Why another parsing library? What problems does it solve?

The Problem

Go's encoding/json deserializes. That's it. Everything else is your problem:

// What you actually do for every API endpoint
var raw map[string]interface{}
json.Unmarshal(data, &raw)

id, ok := raw["id"].(float64)  // JSON numbers are float64
if !ok {
    return errors.New("invalid id")
}
user := User{ID: int(id)}  // Manual conversion

validate := validator.New()
if err := validate.Struct(user); err != nil {
    return err
}

This pattern repeats everywhere: parse, assert types, convert, validate. Four steps, three libraries, scattered error handling.

The Solution

One function that answers: "Is this data valid and usable?"

user, err := model.ParseInto[User](data)

Parse. Coerce types. Validate. Return all errors. Done.

Design Decisions

Generics for Type Safety

Returns User, not interface{}. Compile-time checking. IDE autocompletion works.

Trade-off: Requires Go 1.18+. Worth it.

Automatic Type Coercion

APIs send "123" instead of 123. Mobile apps send everything as strings. Configuration files mix types.

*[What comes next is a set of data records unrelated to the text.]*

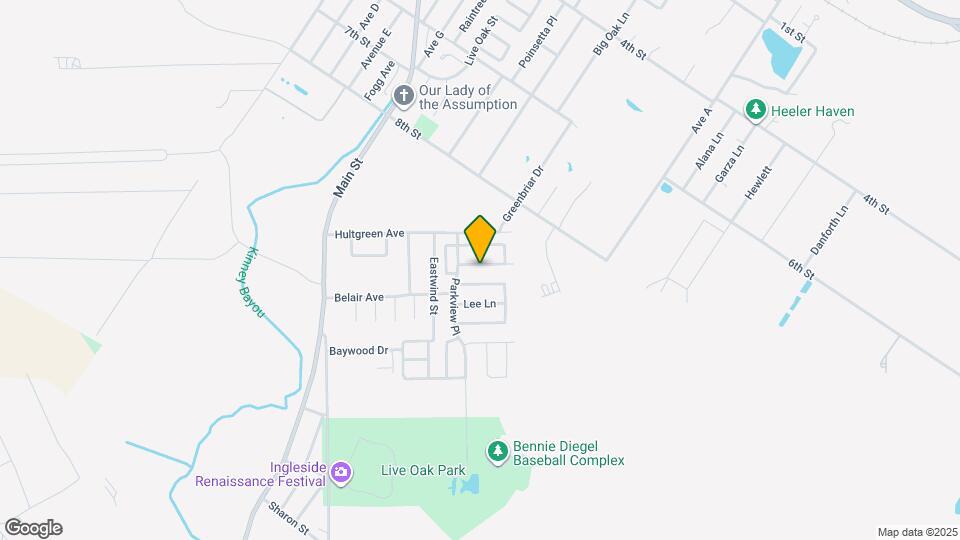 2189 Spring Park Dr Map and Location Details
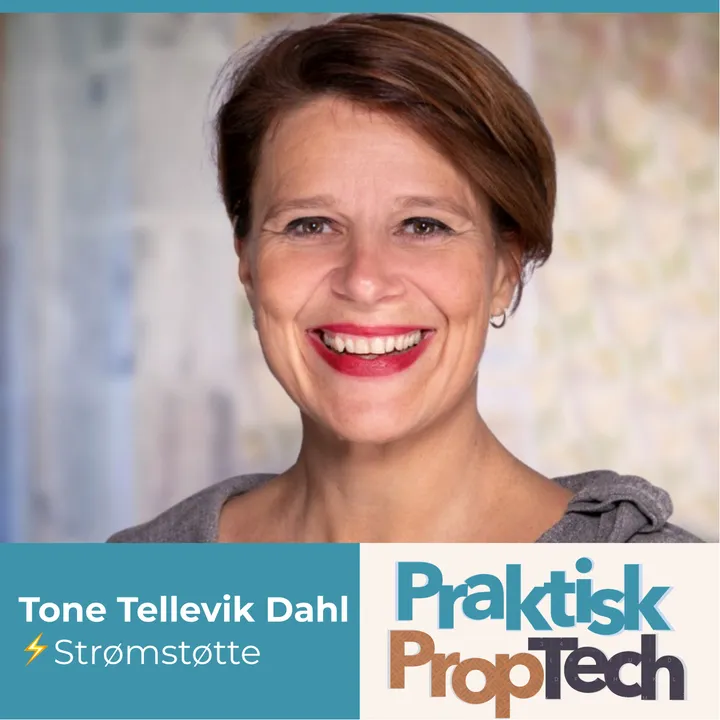 #052 - Strømstøtte på agendaen med Tone Tellevik Dahl, Norsk Eiendom | Strømstøtte del 2
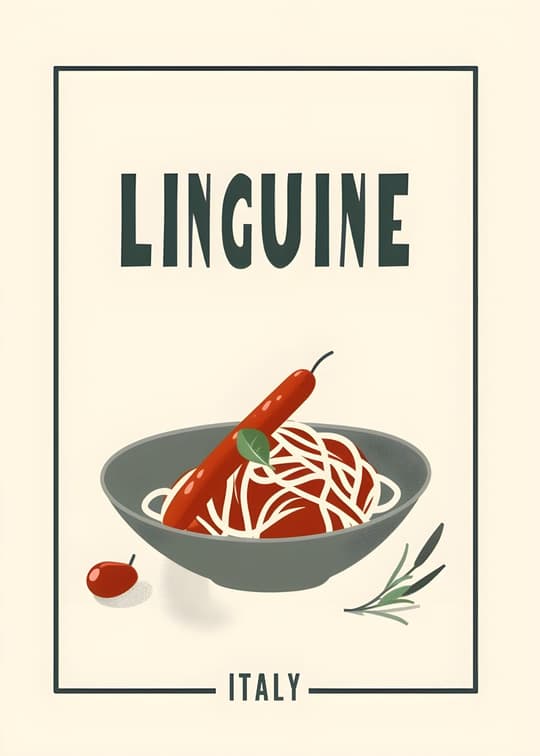 Linguine Italy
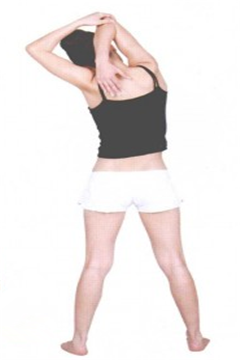 上跑步机前和下跑步机后的拉伸动作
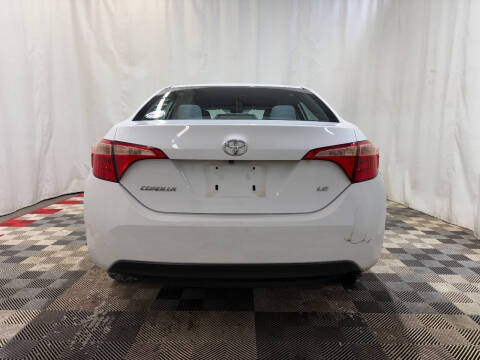 2017 Toyota Corolla LE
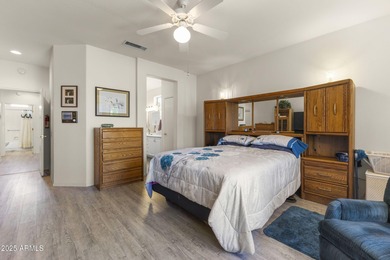 Welcome to this well-maintained Manzanita model located in the on Sun City Grand Golf Couse and Club in Arizona - for sale on GolfHomes.com, golf home, golf lot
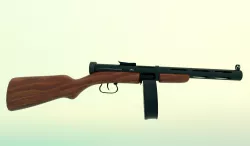 PPD-40 3D model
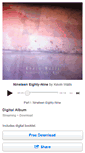 Mobile Screenshot of kevinwalls.bandcamp.com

gopantic handles this transparently:

// Input: {"id": "42", "active": "true"}
// Result: User{ID: 42, Active: true}

When to disable: Financial calculations requiring exact decimal types. Strict contracts where coercion masks errors.

Tag-Based Validation

Validation rules live with type definitions:

type Product struct {
    SKU   string  `json:"sku" validate:"required,len=8"`
    Price float64 `json:"price" validate:"min=0.01"`
}

No separate validation layer. No drift between struct and rules.

Error Aggregation

Return all errors, not just the first:

multiple errors:
  field 'SKU': length must be exactly 8;
  field 'Price': must be at least 0.01

Users fix everything in one iteration.

Optional Caching

For repeated parsing of identical data (config files, retries, deduplication):

parser := model.NewCachedParser[Config](nil)
defer parser.Close()

config, _ := parser.Parse(data)  // Cache miss
config, _ := parser.Parse(data)  // Cache hit, 5-10x faster

FIFO eviction. TTL expiration. Thread-safe.

Architecture

Raw Bytes → Format Detection → Parse → Coerce → Map to Struct → Validate → Result

Format Detection: JSON markers ({, [) or YAML markers (---, :). O(1).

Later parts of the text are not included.